Tuesday 5 March 2013

Foreigner 457 visa row boils over

THE Coalition has accused Julia Gillard of preferring migrants who arrive "illegally on boats and go on to welfare" to skilled workers who arrive the "right way", get jobs and pay taxes.

In the wake of the Prime Minister's announcement of a crackdown on 457 temporary working visas, opposition immigration spokesman Scott Morrison said the move showed Ms Gillard and Immigration Minister Brendan O'Connor didn't understand the importance of skilled migration.
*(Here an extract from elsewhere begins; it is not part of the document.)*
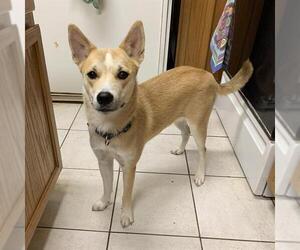 Huskies -Unknown Mix Dogs for adoption in San Antonio, TX, USA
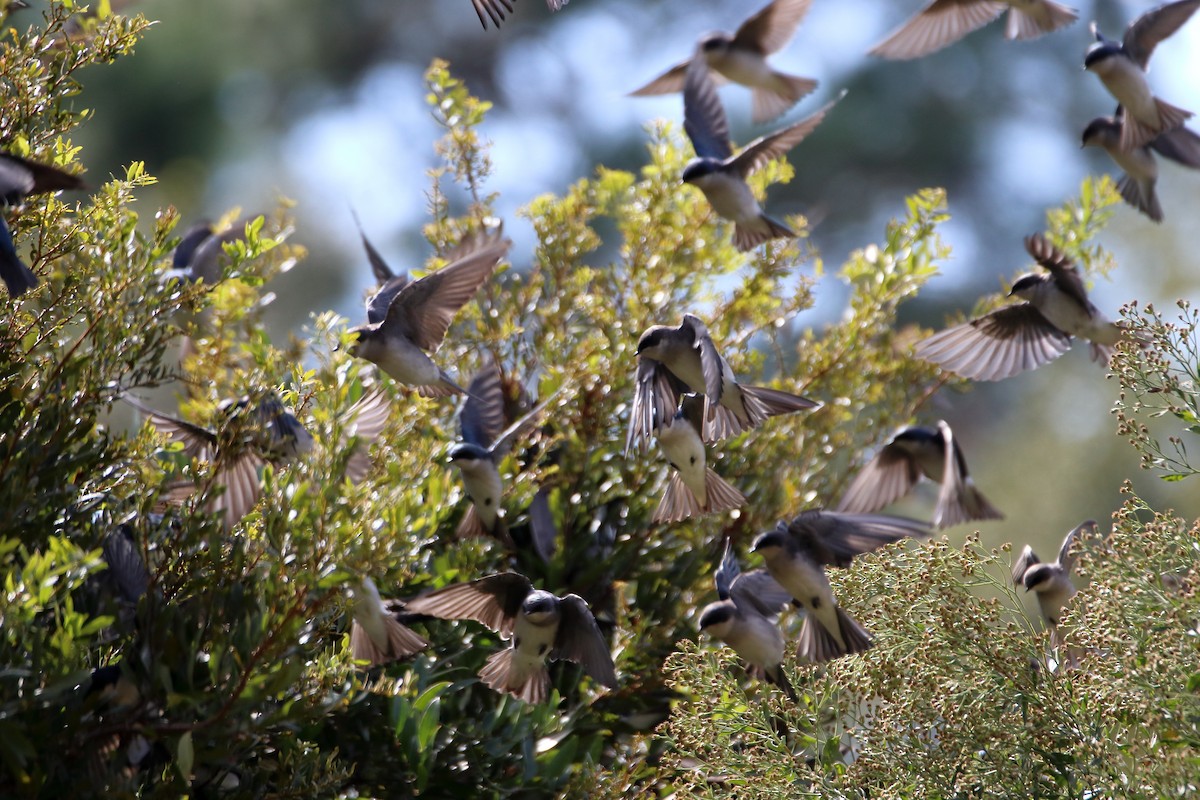 Tree Swallow - ML643964229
Ms Gillard and government ministers fired back, accusing the opposition of creating fear and demonising asylum-seekers after Mr Morrison suggested boat arrivals who were released into the community should face new "behaviour protocols" and neighbours should be warned that they were living next door. He announced the proposed new protocols after the indecent assault of a student in her dormitory at Macquarie University in Sydney, allegedly by an asylum-seeker.

While the row over immigration, foreign workers and asylum-seekers became increasingly bitter and shrill yesterday, the chefs at Gogo's Madras Curry House in Perth, several of whom are on 457 visas, didn't have time to tune in to the political drama.

"I don't pay a lot of attention to the politicians on the news because I am, like everyone, busy working and looking after my kids," said Indian-born Bhoj Raj Khatri, now a permanent resident.

Gogo's owner Gogo Govardhan has employed seven chefs on 457 visas over the past 10 years or so because the mining boom reduced the pool of labour available for the hospitality industry, particularly in the West Australian capital.

"Nobody was here: people just graduated from school and they were earning $80,000 a year in mining so why would they want to work for $18 an hour in hospitality," Mr Govardhan said.

"This is still the reality. I challenge anyone to advertise for a chef or other hospitality and you will wait months for a response from someone qualified."

His India-trained chefs are often flown to Sydney, Melbourne and Adelaide to cook for the Australian cricket team during home games against India, Sri Lanka and Pakistan.

Australian cricket captain Michael Clarke is a fan of Gogo's chef Shekar Thangaraj's pepper chicken chetinaad.

"I do feel welcome in Australia," Mr Tangaraj said yesterday.

He is in Australia on a 457 visa but hopes to make a life here with his wife and two primary school-aged children. Mr Tangaraj said he never felt he was taking someone else's job. "My boss says he needs me," he said.

Mr Govardhan has 15 staff but needs more after losing two chefs to catering companies that service the resource sector.

He said the chefs he hired from India had a very good work ethic.

Mr Morrison yesterday continued to attack the government's crackdown on temporary work visas, which Ms Gillard described as putting "foreign workers last".

At a conference in Melbourne yesterday, he said: "The Prime Minister is saying, through her attacks on 457s, that skilled migrants who come the right way, who have something to bring to Australia, who get jobs and pay taxes are not the migrants she is looking for. Through her government's continued failures on our borders, she prefers those who arrive illegally on boats and go on to welfare. The budget blowout on Labor's border failures on immigration alone since the last election is more than $5 billion."

Mr Morrison's attack came as Coalition frontbenchers appeared to retreat from the immigration spokesman's earlier remarks about asylum-seekers and refused to endorse his idea of "protocols" to be implemented for those living in the community.

Business Council of Australia chief executive Jennifer Westacott also called on the government to produce evidence the 457 regime was not working properly, warning against hitting employers with further red tape.

Ms Gillard said there was "community concern" about the level of 457 visas and Mr O'Connor said there was evidence of rorting but his department could not act on it.

ACTU secretary Dave Oliver said last night the union movement was not opposed to skilled migration but "we prefer migration services to be done on a permanent basis". He told ABC's Lateline that, at the same time there had been a surge in 457 visas issued, 30,000 people had registered on the government's national jobs board, seeking to work in the resources sector.

The job of Ms Gillard's own Scottish communications director, John McTernan, who is on a 457 visa, even became an issue after opposition Treasury spokesman Joe Hockey queried whether there was an Australian who could do the job of adviser to the Australian prime minister. A spokesman for the Prime Minister said: "We do not comment on individual members of staff."